> [PROVIDED RECORDS]:
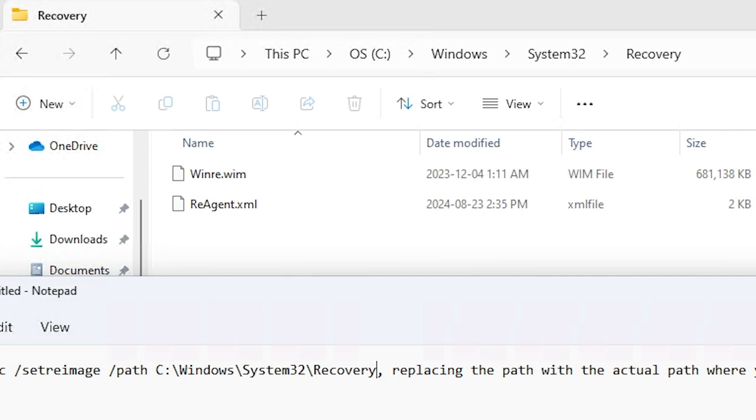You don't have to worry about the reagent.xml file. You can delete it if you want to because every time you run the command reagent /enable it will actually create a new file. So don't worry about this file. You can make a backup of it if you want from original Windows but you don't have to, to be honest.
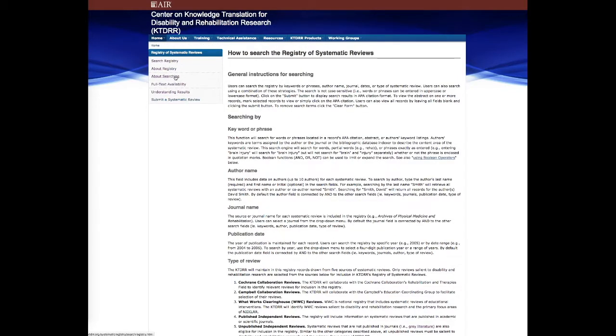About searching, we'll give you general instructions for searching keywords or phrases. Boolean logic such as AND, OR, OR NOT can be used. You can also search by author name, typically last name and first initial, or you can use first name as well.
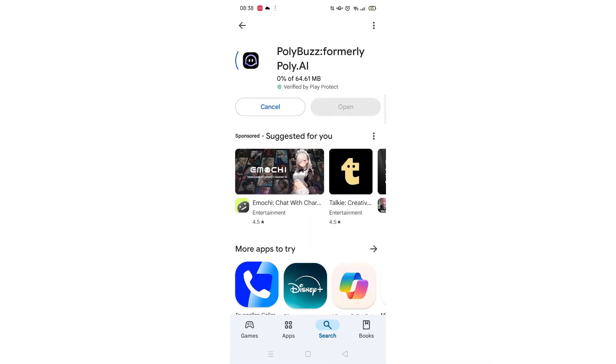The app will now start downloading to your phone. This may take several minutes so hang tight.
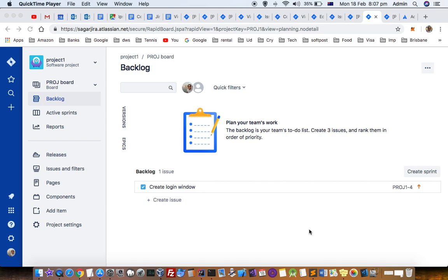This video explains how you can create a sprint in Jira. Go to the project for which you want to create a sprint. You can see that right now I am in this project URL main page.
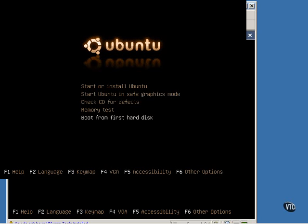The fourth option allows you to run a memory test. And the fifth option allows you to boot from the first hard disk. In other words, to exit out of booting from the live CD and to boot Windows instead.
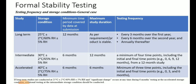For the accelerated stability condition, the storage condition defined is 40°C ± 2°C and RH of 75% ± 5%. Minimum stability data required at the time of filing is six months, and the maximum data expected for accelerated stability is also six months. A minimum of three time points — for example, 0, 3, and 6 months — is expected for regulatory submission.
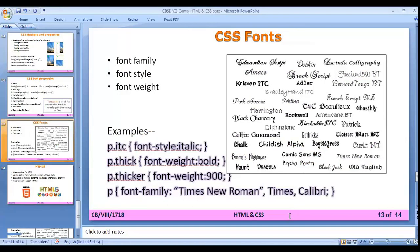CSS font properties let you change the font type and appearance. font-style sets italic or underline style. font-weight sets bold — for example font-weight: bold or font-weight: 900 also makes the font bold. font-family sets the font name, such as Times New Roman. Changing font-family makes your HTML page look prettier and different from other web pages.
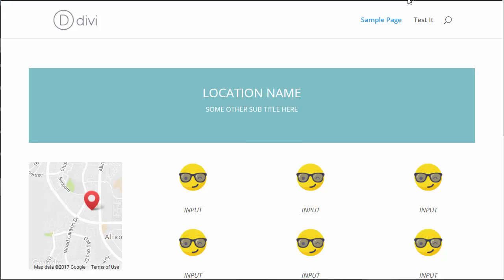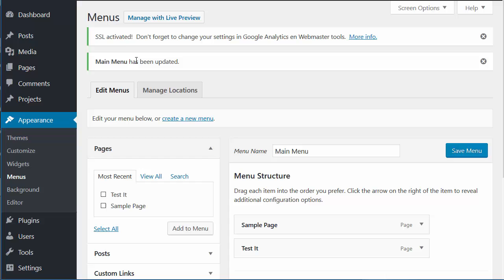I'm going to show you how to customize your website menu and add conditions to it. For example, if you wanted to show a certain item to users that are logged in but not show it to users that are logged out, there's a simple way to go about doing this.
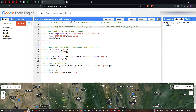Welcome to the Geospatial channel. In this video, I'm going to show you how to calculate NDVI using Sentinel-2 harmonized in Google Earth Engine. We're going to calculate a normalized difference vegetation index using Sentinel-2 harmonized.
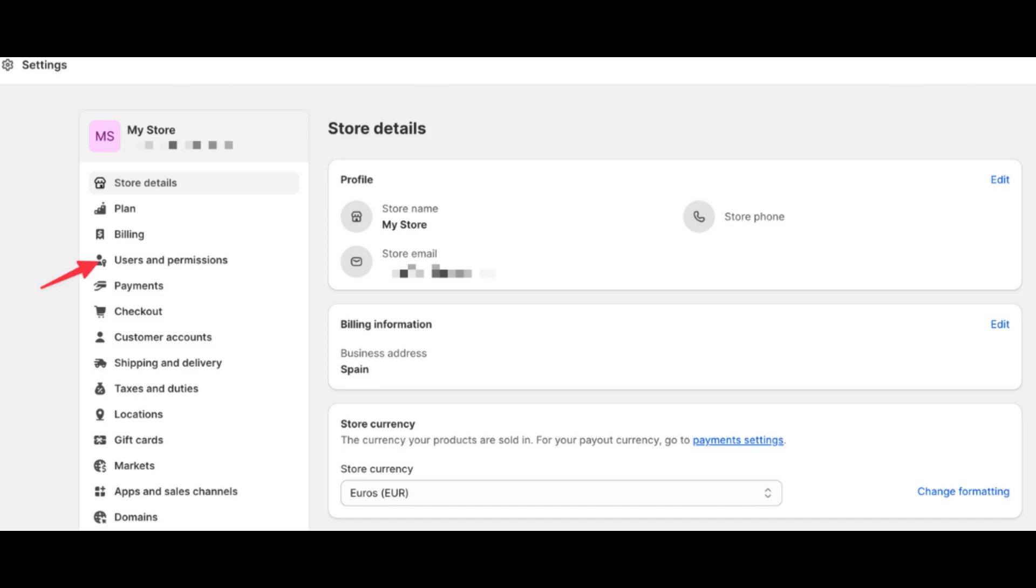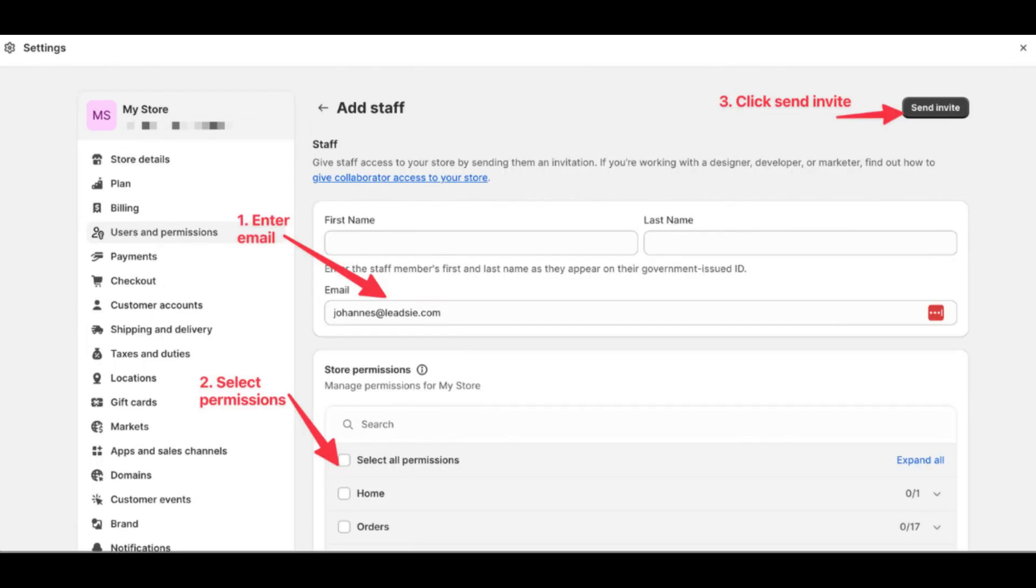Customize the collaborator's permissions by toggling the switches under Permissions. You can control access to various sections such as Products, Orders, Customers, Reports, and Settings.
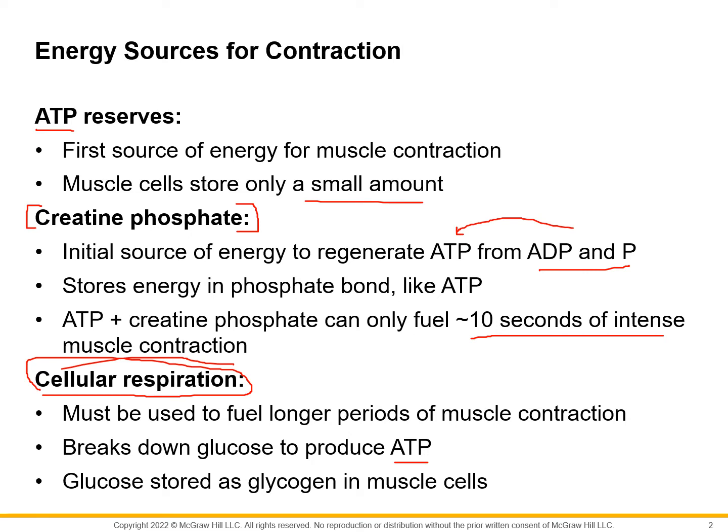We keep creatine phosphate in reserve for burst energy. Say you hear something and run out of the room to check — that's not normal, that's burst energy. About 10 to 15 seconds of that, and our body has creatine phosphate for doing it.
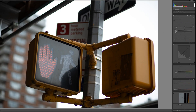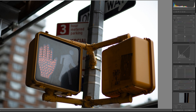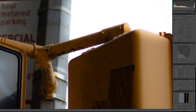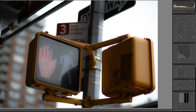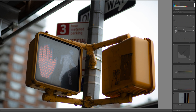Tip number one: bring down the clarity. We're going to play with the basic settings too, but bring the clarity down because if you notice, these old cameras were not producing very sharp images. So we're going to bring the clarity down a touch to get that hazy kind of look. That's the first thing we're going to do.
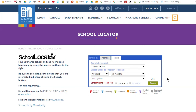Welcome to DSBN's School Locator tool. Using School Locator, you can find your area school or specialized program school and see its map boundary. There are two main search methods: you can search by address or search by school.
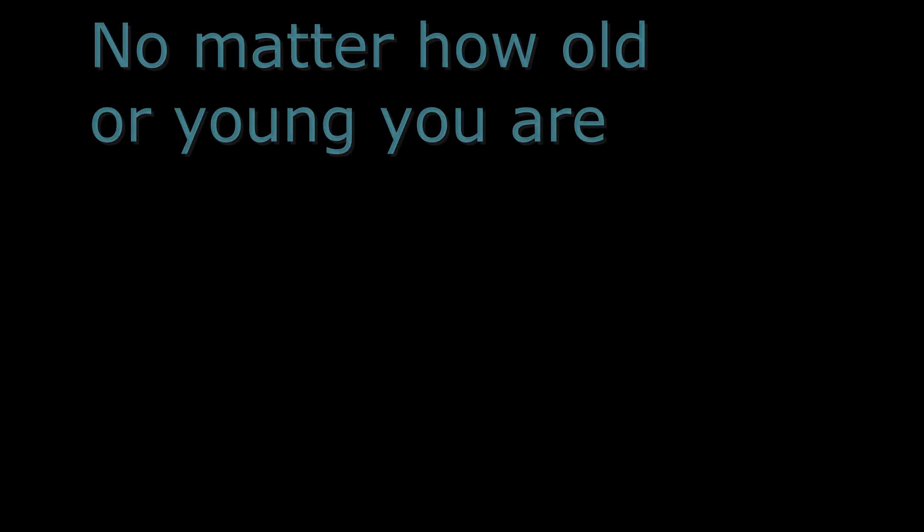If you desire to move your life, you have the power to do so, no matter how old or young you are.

==

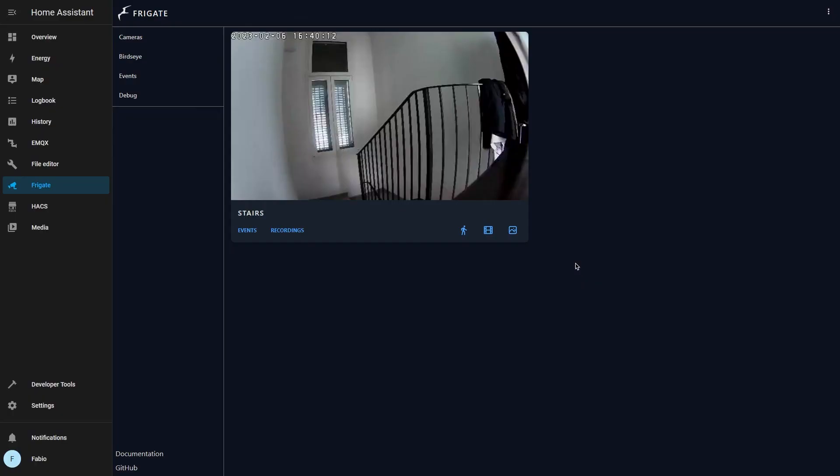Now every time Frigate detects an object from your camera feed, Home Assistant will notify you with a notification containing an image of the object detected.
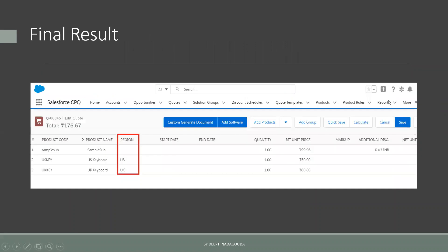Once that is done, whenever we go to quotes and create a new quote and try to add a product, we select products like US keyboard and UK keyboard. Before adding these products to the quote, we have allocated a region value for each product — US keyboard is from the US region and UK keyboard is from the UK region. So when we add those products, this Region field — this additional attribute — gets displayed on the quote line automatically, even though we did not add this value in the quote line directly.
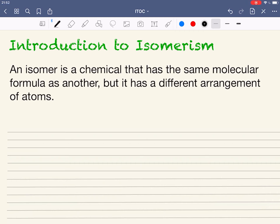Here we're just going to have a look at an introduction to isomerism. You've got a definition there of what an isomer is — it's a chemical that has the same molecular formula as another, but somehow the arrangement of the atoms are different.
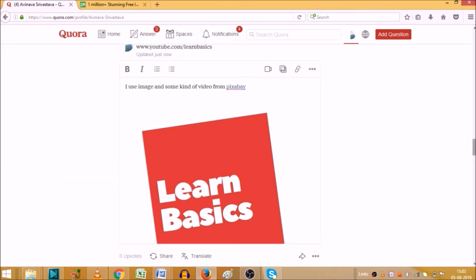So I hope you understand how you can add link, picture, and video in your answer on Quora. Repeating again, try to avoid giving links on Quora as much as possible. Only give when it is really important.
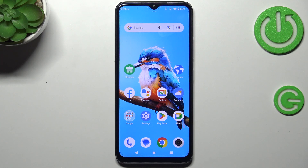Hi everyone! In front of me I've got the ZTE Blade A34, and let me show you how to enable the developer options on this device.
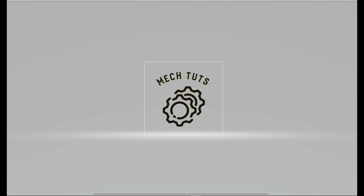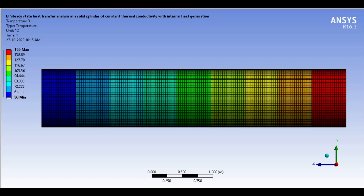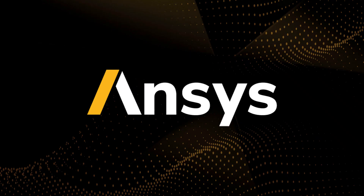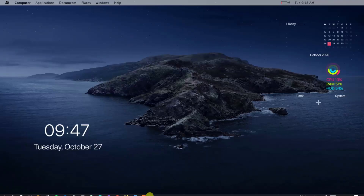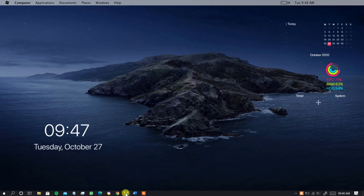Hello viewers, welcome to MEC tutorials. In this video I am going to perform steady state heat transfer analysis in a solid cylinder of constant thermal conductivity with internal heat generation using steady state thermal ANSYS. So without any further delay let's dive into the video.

> [WORK ORDER]: Without the pictures, set down the lines above from the line with "About searching, we'll" up to and including the line with "This video explains" exactly as they stand.

> [PROBLEM SOLUTION]:
About searching, we'll give you general instructions for searching keywords or phrases. Boolean logic such as AND, OR, OR NOT can be used. You can also search by author name, typically last name and first initial, or you can use first name as well.
The app will now start downloading to your phone. This may take several minutes so hang tight.
This video explains how you can create a sprint in Jira. Go to the project for which you want to create a sprint. You can see that right now I am in this project URL main page.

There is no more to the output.